On Tue, Mar 03, 2020 at 09:18:44AM -0600, Eric W. Biederman wrote:
> Bernd Edlinger <bernd.edlinger@xxxxxxxxxx> writes:
>
> > This fixes a deadlock in the tracer when tracing a multi-threaded
> > application that calls execve while more than one thread are running.
> >
> > I observed that when running strace on the gcc test suite, it always
> > blocks after a while, when expect calls execve, because other threads
> > have to be terminated. They send ptrace events, but the strace is no
> > longer able to respond, since it is blocked in vm_access.
> >
> > The deadlock is always happening when strace needs to access the
> > tracees process mmap, while another thread in the tracee starts to
> > execve a child process, but that cannot continue until the
> > PTRACE_EVENT_EXIT is handled and the WIFEXITED event is received:
>
> A couple of things.
>
> Why do we think it is safe to change the behavior exposed to userspace?
> Not the deadlock but all of the times the current code would not
> deadlock?
>
> Especially given that this is a small window it might be hard for people
> to track down and report so we need a strong argument that this won't
> break existing userspace before we just change things.
>
> Usually surveying all of the users of a system call that we can find
> and checking to see if they might be affected by the change in behavior
> is difficult enough that we usually opt for not being lazy and
> preserving the behavior.
>
> This patch is up to two changes in behavior now, that could potentially
> affect a whole array of programs.
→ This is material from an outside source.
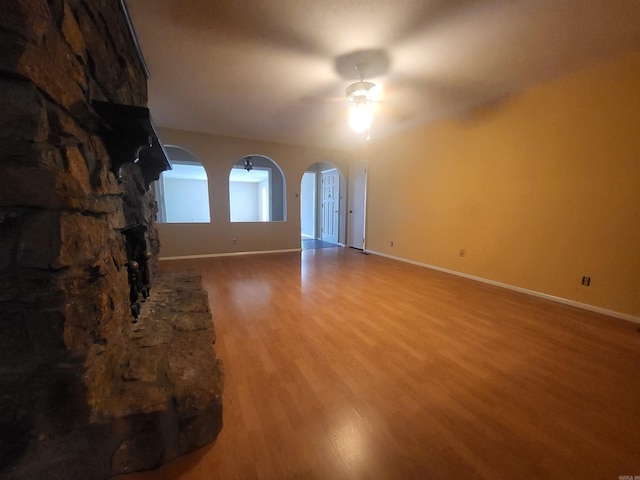 1008 W A Ave, North Little Rock, AR 72116 - unfurnished living room with a ceiling fan, arched walkways, wood finished floors, and a stone fireplace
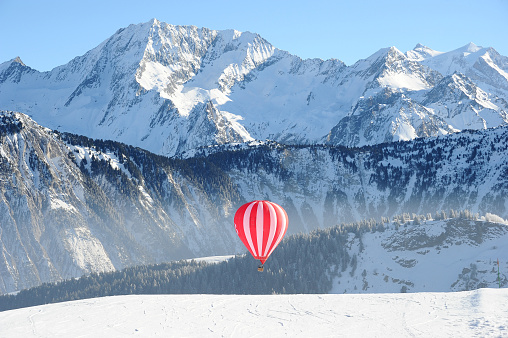 Hot air balloon on the slopes of Courchevel ski resort by winter with Mont Blanc mountain behind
Adding linux-api so that this change
> in behavior can be documented if/when this change goes through.
>
> If you can split the documentation and test fixes out into separate
> patches that would help reviewing this code, or please make it explicit
> that the your are changing documentation about behavior that is changing
> with this patch.

Agreed. I think it'd be good to do it in three patches:
1. unrelated documentation update
2. fix + documentation changes specific to the fix
3. test(s)

Christian